Fonterra told the select committee yesterday that those thresholds would preclude it from receiving an allocation of free permits for emissions from its manufacturing plants.
The resulting cost increases would be passed back to farmers, it said, undermining the intention to protect agricultural emitters.
"At 2015 we had thought 90 per cent [coverage of carbon costs] would be provided to the sector," Fonterra general manager John Hutchings told the committee yesterday.
"In fact it will be more like 75 per cent."
The new eligibility thresholds were those designed for the Australian economy, many of whose heavy emitters are in the mining and minerals sector, Fonterra said.
"By contrast the New Zealand economy is driven by agricultural industries with integrated supply chains ... [and] the issue is not just about the level of emissions intensity at a particular stage in the supply chain but acknowledging the flow-on impacts of a significant cost imposed on one of its parts.
It proposes a fix in the form of a provision which would extend the 90 per cent free allocation to processors of the output of sectors eligible for that level of support.

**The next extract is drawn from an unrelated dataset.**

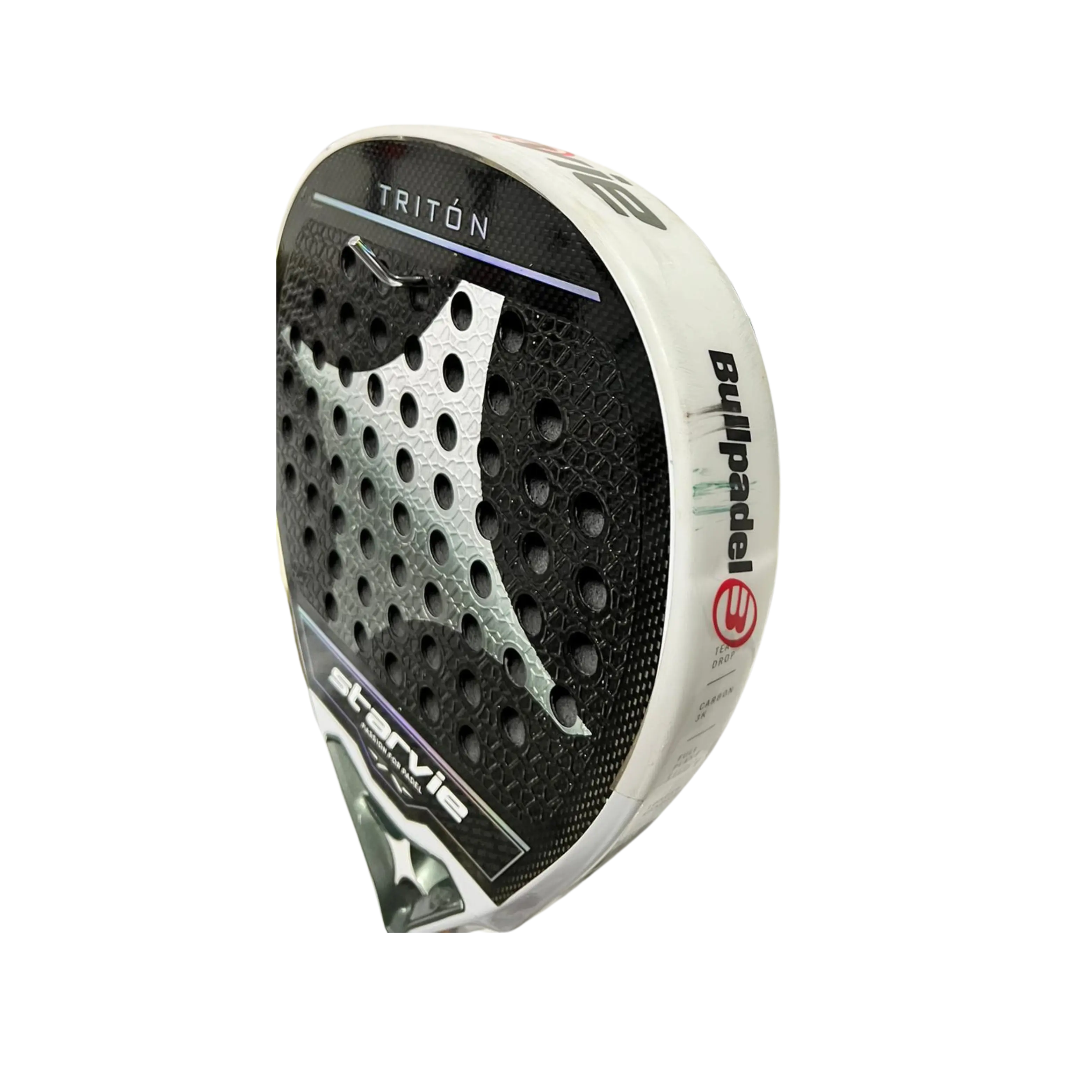 Starvie - Raquette de padel Triton Soft 2024 Occasion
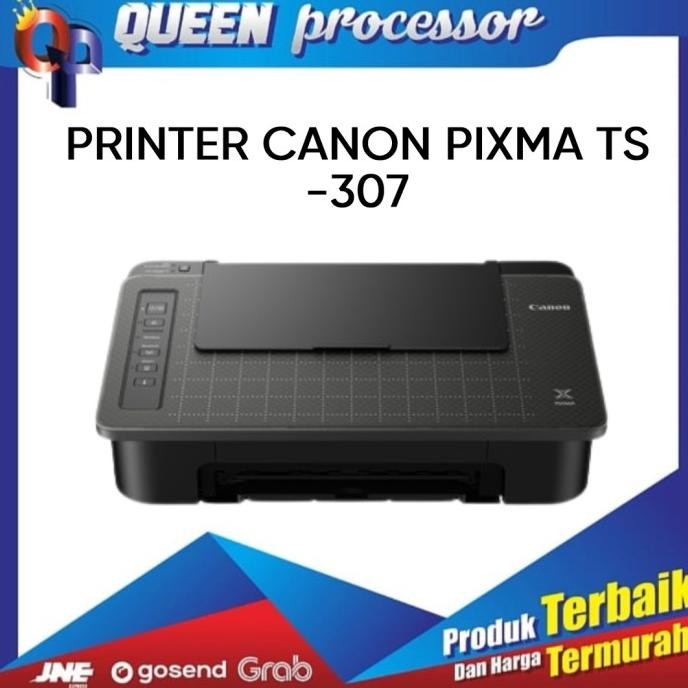 Printer Canon Pixma Ts307 Resmi Ts 307 Co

Climate Change Minister Nick Smith said, "It is not our intention to take the approach of picking off particular industries as winners and losers."
The principle of an intensity-based threshold was the right one, in his view.

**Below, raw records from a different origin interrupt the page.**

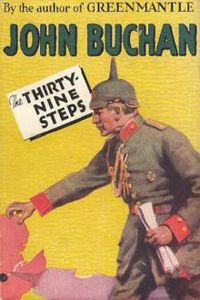 Download The Thirty-Nine Steps for free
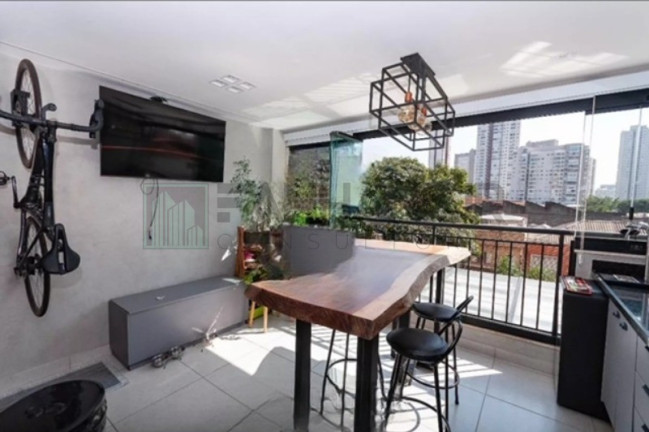 Imagem Imóvel com 2 Quartos à Venda, 67 m² em Barra Funda - São Paulo Imagem Imóvel com 2 Quartos à Venda, 67 m² em Barra Funda - São Paulo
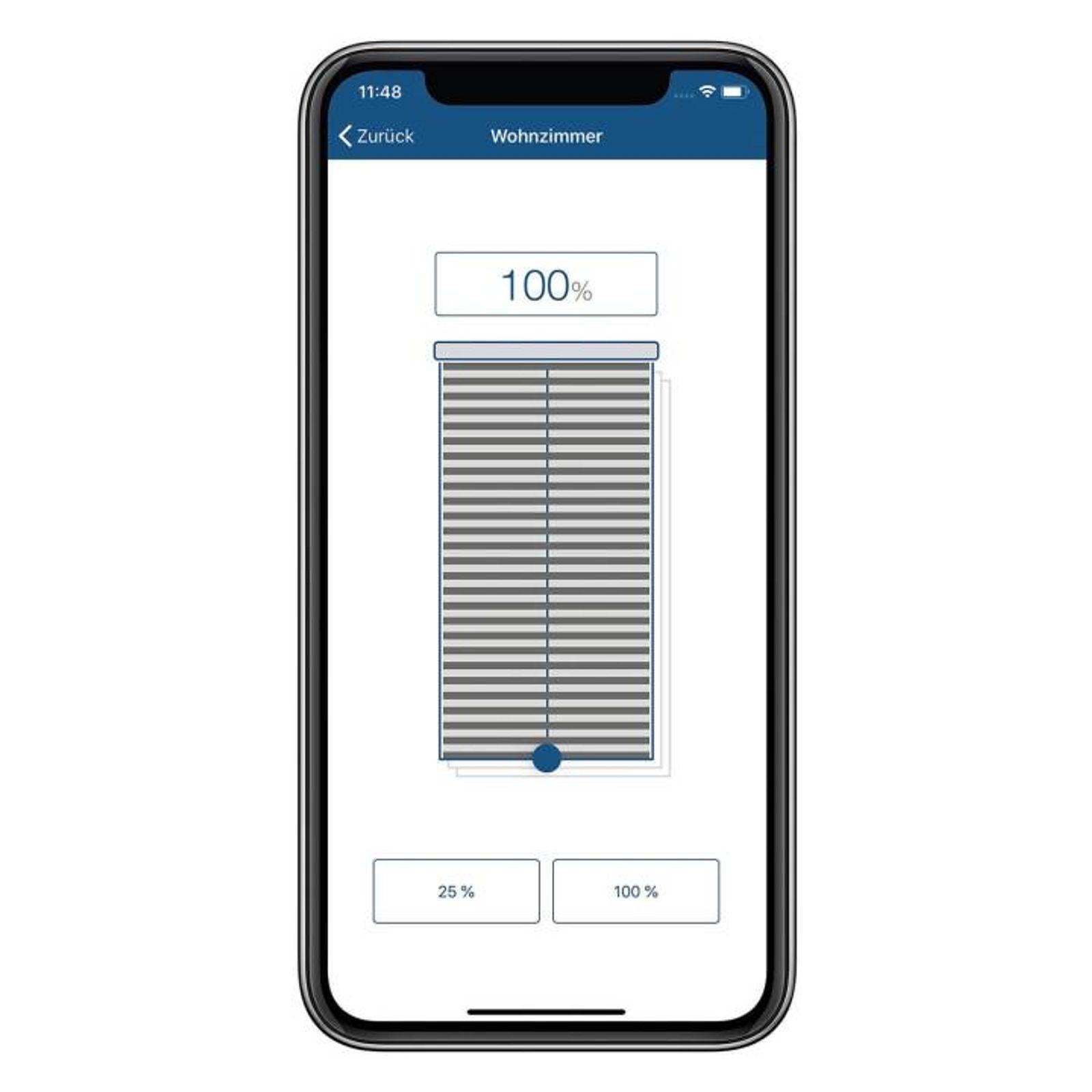 Homematic IP Smart Home Rollladenaktor für Markenschalter HmIP-BROLL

"We will be considering Fonterra's submission alongside others as to whether we have got those thresholds in the right place."
Fonterra objects as well that, as the bill is drafted, it gets no benefit from about a quarter of the process heat it uses in what would otherwise be the waste heat from electricity generation.

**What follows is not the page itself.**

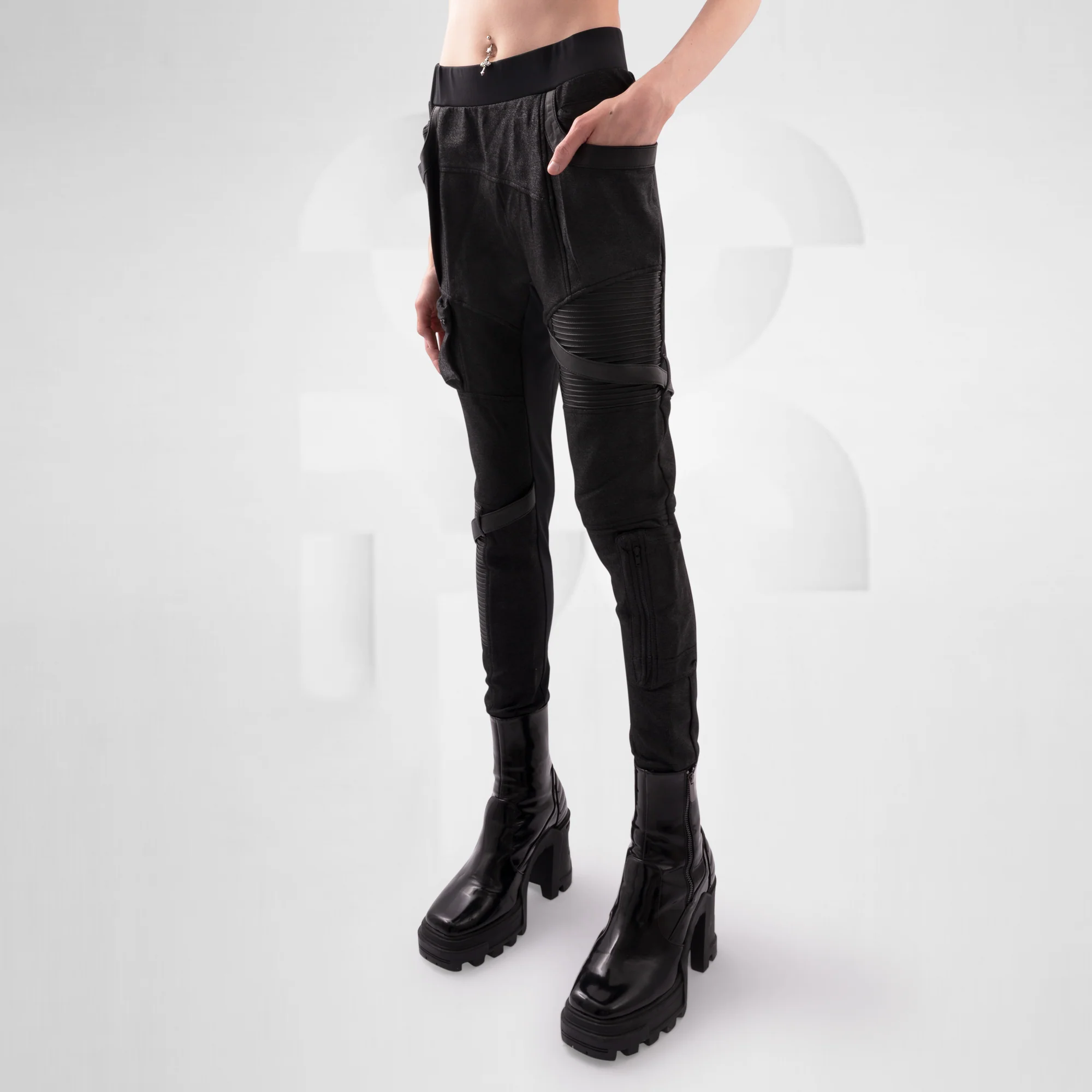 Unisex Avantgarde Jogger - Image 5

Co-generation facilities such as these are a highly efficient use of natural gas.
It also opposes the legislation making dairy and meat processors, rather than farmers, the point of obligation when emissions from pastoral farming are included in the scheme in 2015.
While administratively more convenient, this approach blunts the incentive for individual farmers to reduce their emissions.
"We have got until 2015 to find a way of making this work,' Hutchings said.
State-owned farming group Landcorp also argues that setting the point of obligation at the farm level would encourage the changes of behaviour the scheme seeks and farmers should be given that option.
A joint submission from Meat and Wool NZ and the Meat Industry Association criticises using revenue rather than value-added as the basis of intensity-based allocation of free units, and making processors rather than farms the point of obligation.
They are concerned that the legislation's rules for the allocation of free units would mean sheep and beef farmers gained no benefit from having already reduced their absolute emissions by 14 per cent since 1990 (reducing the national bill under Kyoto) through "unprecedented efficiency gains".
HAVING THEIR SAY
Fonterra, Landcorp and meat industry representatives were among 27 submitters due to be heard by the finance and expenditure select committee yesterday.
The committee chairman, Craig Foss, said that, in all, 184 of the 372 submitters had indicated they wanted to make oral submissions. The committee is scheduled to spend 20 hours over three days this week hearing submissions.
It has to report the bill back to the House by the middle of next month because the Government wants the emissions trading scheme to be "settled" before the big international climate change conference in Copenhagen early in December.